Слабел святой Серафим телесно, отдавая дань естеству. Но это не влияло на светлый дух его. Поэтому он не только сохранял всю свежесть естественных способностей, но именно в последние два года своей жизни удостоился и самого великого явления Божией Матери, и открыл Мотовилову чудное и преславное благодатное свое состояние, просветившись несозданным светом во время беседы с ним зимою 1831 года. Но это нельзя назвать «последними» днями. Поэтому расскажем несколько о событиях, именно предпоследних в его жизни.

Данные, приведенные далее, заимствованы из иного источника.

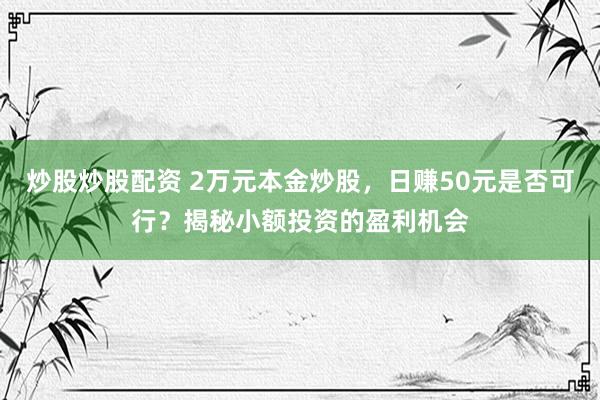 炒股炒股配资 2万元本金炒股，日赚50元是否可行？揭秘小额投资的盈利机会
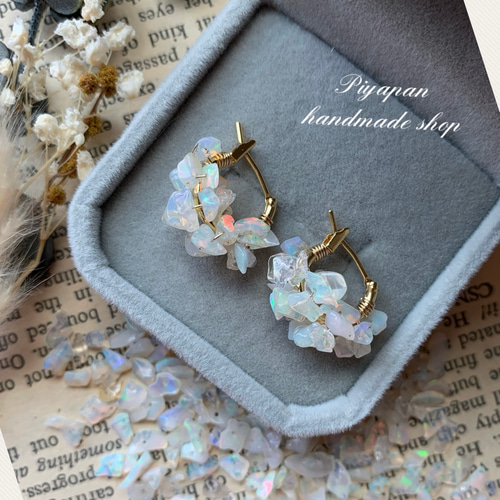 new❣️】キラキラ✨ プレシャス オパール さざれ フープピアス k16gp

Обычно жизнеописатели останавливаются прежде всего на факте посещения преподобного Серафима епархиальным архиереем Тамбовским. И действительно, достойно умиления поведение святого старца в этом случае. В августе 1832 года приехал в Саровскую обитель епископ Арсений — впоследствии митрополит Киевский (скончался в 1876 году). Святой старец был в это время в пустыньке. Но, узнав, что прибыл новый архипастырь, почел долгом прийти в монастырь, чтобы встретить святителя вместе со всеми. А после встречи снова воротиться в пустыньку. Осмотрев монастырь, архиерей пожелал посетить старца и в его пустыньке. Отец Серафим в это время занимался обкладыванием берега камнями... Так до последних дней трудился подвижник... Как только он увидел приближавшегося архиерея, тотчас же оставил работу и бросился в ноги к нему, прося благословения... Какое смирение святого... Архиерей попросил показать ему жилище, «пустыньку среди пустыни». — «Хорошо, батюшка», — смиренно и послушно ответил старец, называя Владыку таким простым и задушевным именем — «батюшка». Осмотрев простое убранство кельи, епископ Арсений попросил показать ему сокровенное уединение святого молитвенника: оно было за печью, и архиерею уже сообщили о том раньше. К ней и направился Владыка.
— Не ходи, батюшка, — кротко останавливал его отец Серафим, — замараешься.